In the day, these barred skinks were abundant on rocks in the hills around Cape Hillsborough. _Eulamprus_ is a difficult genus and can be hard to identify in the field. Four species of barred _Eulamprus_ are possible at Cape Hillsborough so I am not certain of the identity. 












Blue-throated Rainbow Skinks (_Carlia rhomboidalis_) were common and in their nuptial colours. Some of these were really beautiful lizards.












This area was good for Major's Skinks (_Bellatorias frerei_). These skinks were less wary than usual so it was possible to take better photos of the animals.













At night, we found this very nice but mortally injured Carpet Python (_Morelia spilota_) on the road.













A huge flock of Red-tailed Black Cockatoos moved through the area. Here is part of the flock over the Hoop Pines.
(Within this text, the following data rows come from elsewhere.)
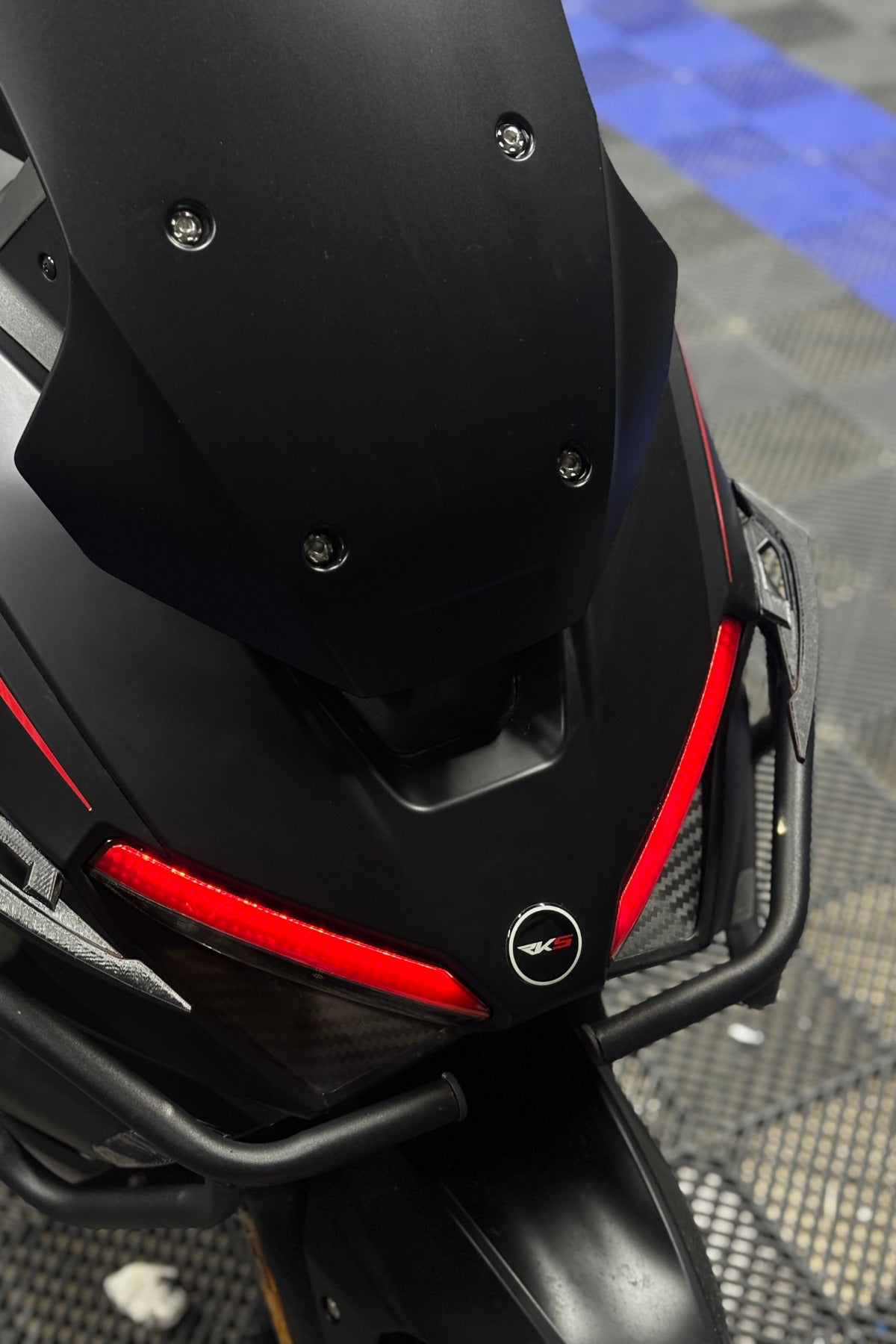 RKS Lince 125 Scooter için Kırmızı Gündüz Ledi Far Tasarım Sticker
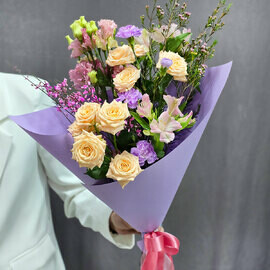 Nezhnij lavandovij buket iz tcvetov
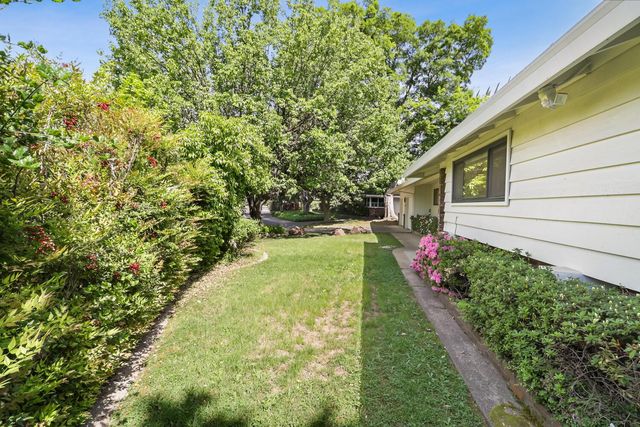 861 Laverstock Way, Sacramento, CA 95864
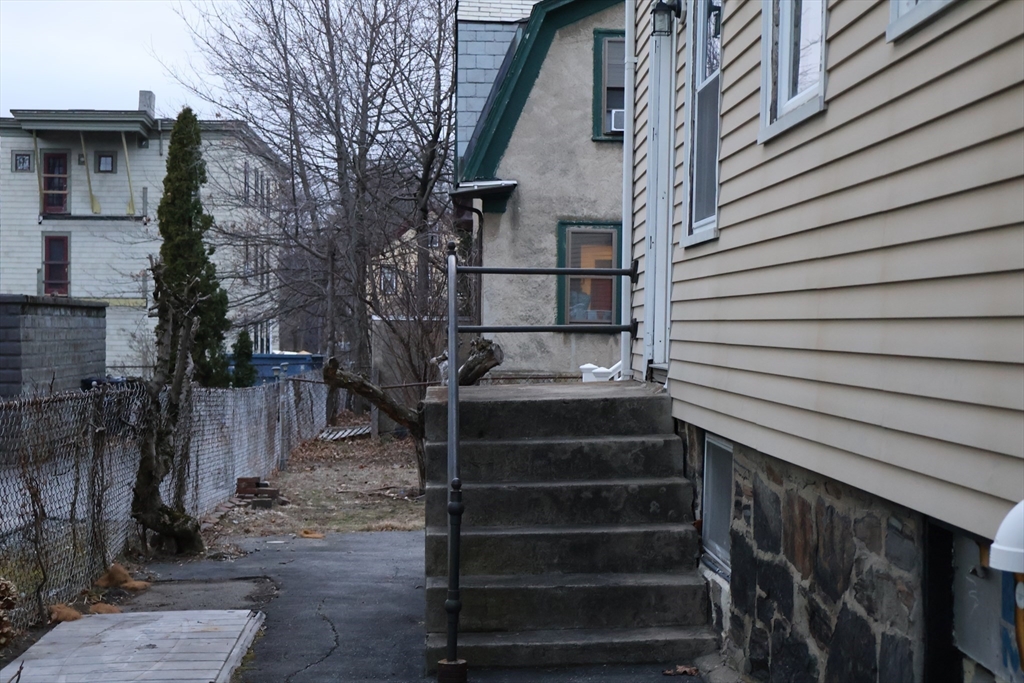 98 Clay Street Cambridge, MA 02140 - Photo 18 of 19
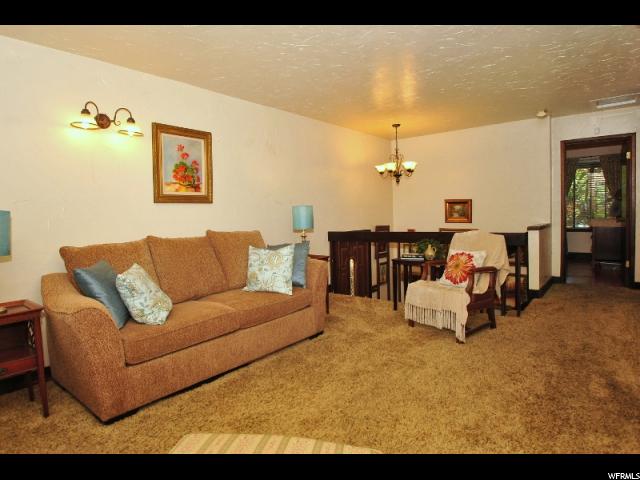 2417 Hardrock Dr, Taylorsville, UT 84129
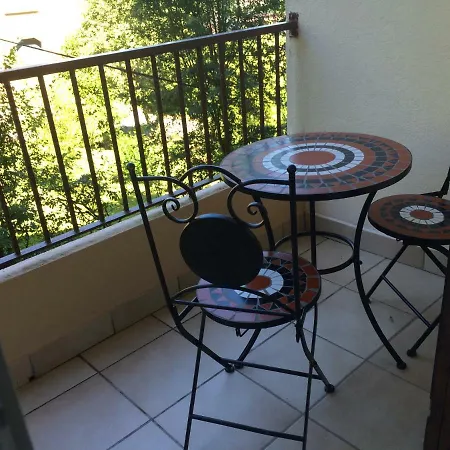 T2 De Laurette Avec Garage Et Parking Prives Rodez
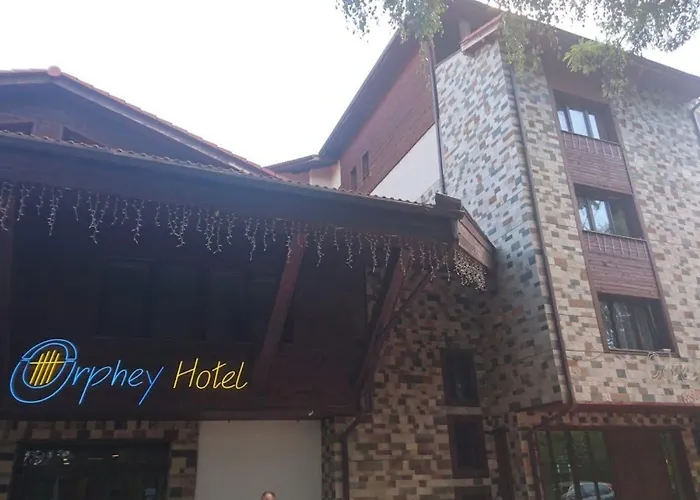 מלון Orphey בנסקו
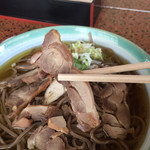 いろは 分店 - 肉そば 親鶏肉 アップ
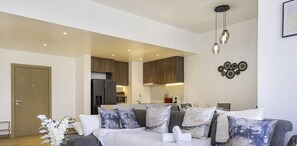 Departamento, balcón, vista al mar | Área de sala de estar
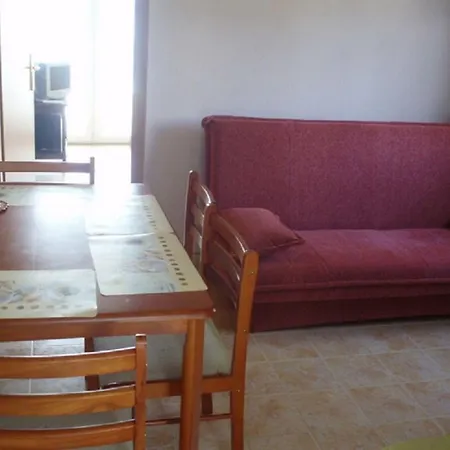 Apartments Dubravko Maslenica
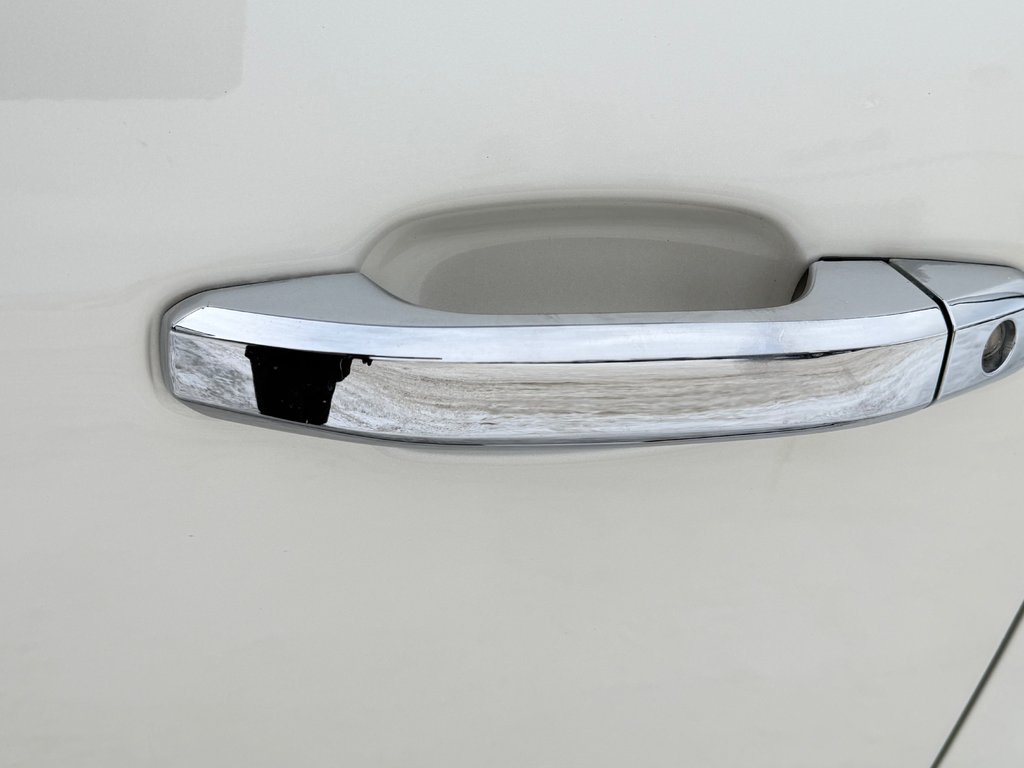 Chevrolet Silverado 1500 HIGH COUNTRY 6.2 / CREW / MARCHEPIEDS / TOILE ET + 2015 à Thetford Mines, Québec - 19 - w1024h768px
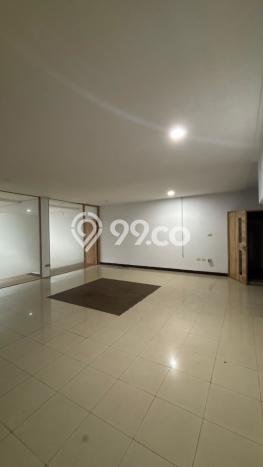 Hunian Modern Dikontrakkan 9 Kamar di Kebayoran Baru Bisa Nego Hunian Modern Dikontrakkan 9 Kamar di Kebayoran Baru Bisa Nego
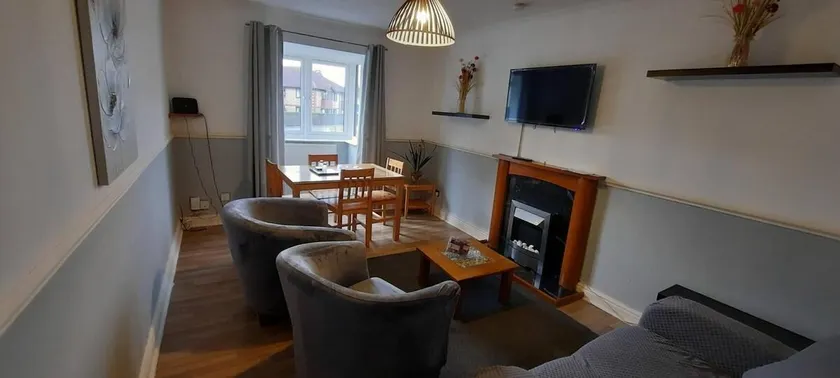 Classic 2 Bedroom Apartment close town Centre - Image 1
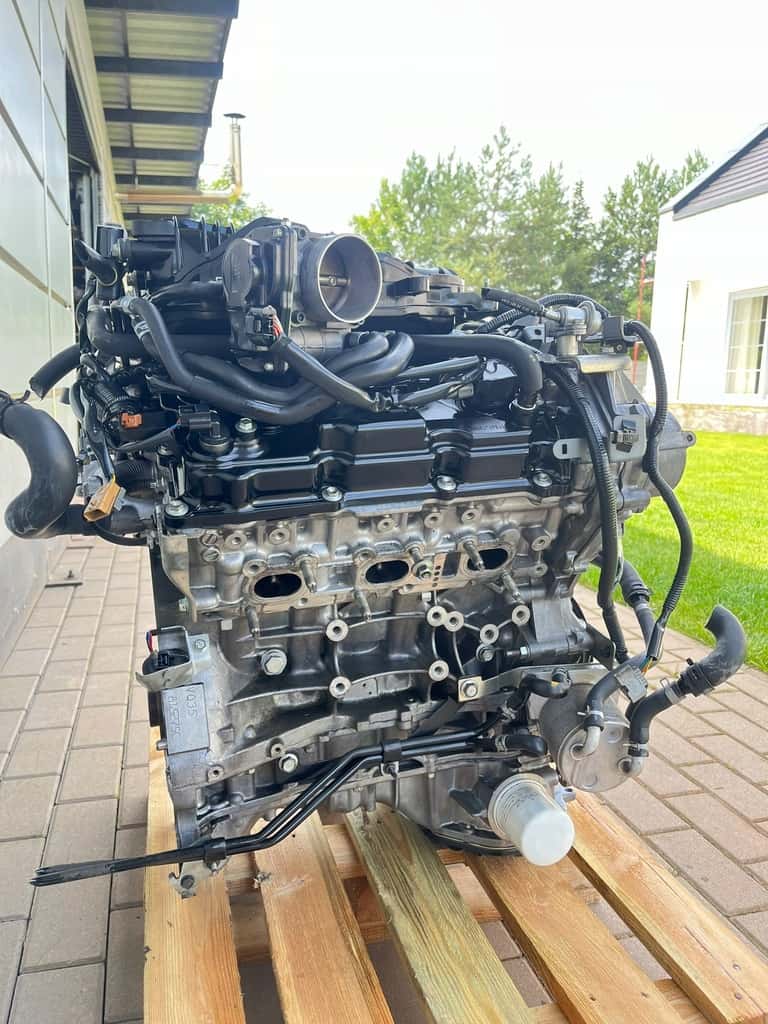 Moteur VQ35 vue 2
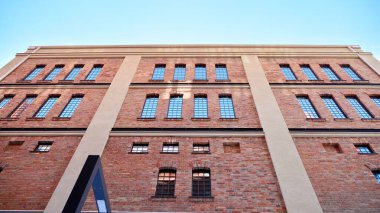 Şehirde canlandırılmış kırmızı tuğla bina.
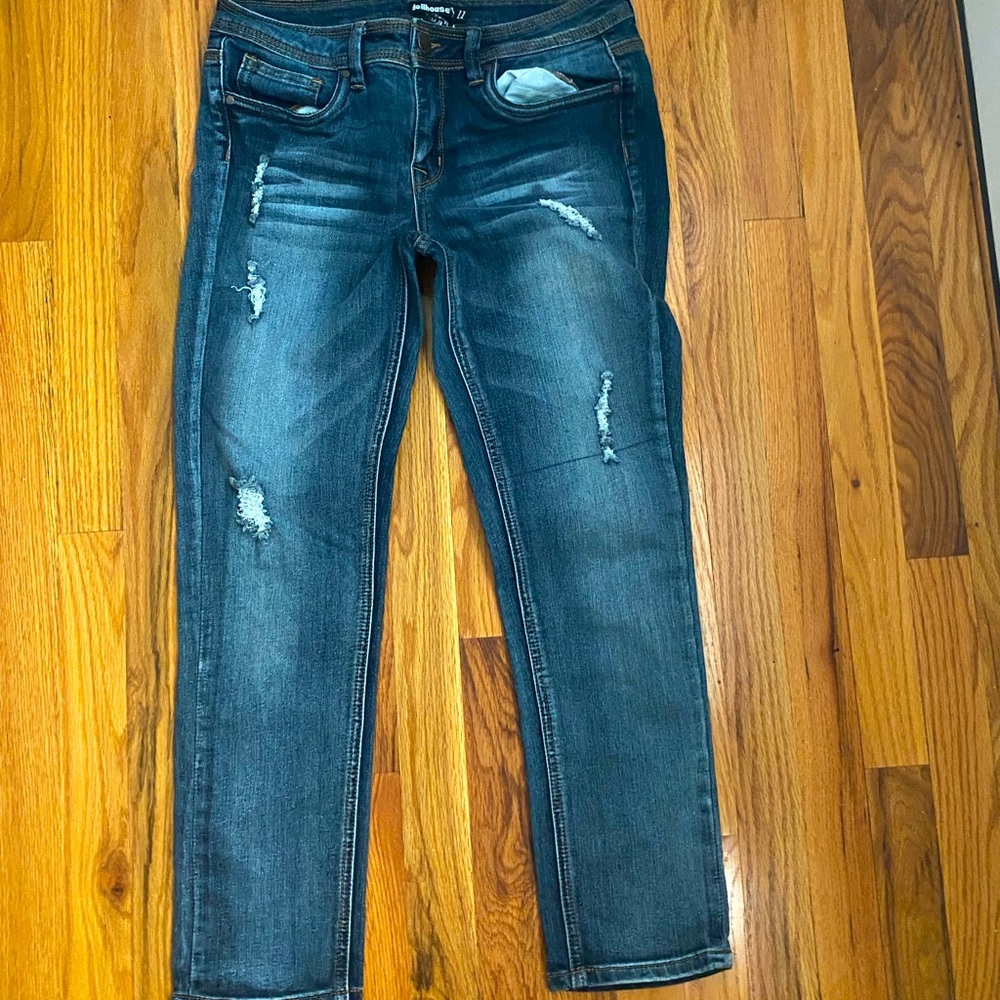 Dollhouse ripped jeans size 11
Cape Hillsborough is good for butterflies. I saw many species and was able to photograph a few.
1. Black-and-White Tiger, female laying eggs
2. Austrlian Leaf Butterfly -- these are really hard to see when they land on dry leaves.
3. Capaneus Swallowtail
4. Eastern Brown Crow. These butterflies have iridescent purple in their wings.
5. One of the Grass Yellows.





















This young Blue-faced Honeyeater was sunning up in a treetop. It looks quite ugly here but they have a bright blue face when they mature. I will have photos of adults in my Cape York post.














*Mt. Ossa Area*

We also visited the small hills of the Mt. Ossa area. These hills are covered with rainforest. We decided to walk up a creek bed to try to reach higher and damper forest. As usual, we had to do a great deal of rock hopping and occasionally climb around boulders or small waterfalls.











We finally reached an area that looked promising. This area had large boulders with cracks.











We were successful and with lots of searching, found 3 of our targets. Two of these had original tails and one had a regenerated tail. These geckos were wary and would run when exposed to light. These seemed to have longer legs than other species.
Mt. Ossa Broad-tailed Gecko (_Phyllurus ossa_)
































Lemon-barred Forest-Skinks (_Eulamprus amplus_) were often seen asleep on the sides of boulders.






This Brown Tree Snake (_Boiga irregularis_) gave us a real fright. We heard a mammal crashing through the brush on the opposite side of the creek. We watched that area as we stepped forward. When we looked down, we saw this snake about a meter from our legs. It had reared and was ready to strike. Taipan flashed through my mind but then we realized that it was just a tree snake.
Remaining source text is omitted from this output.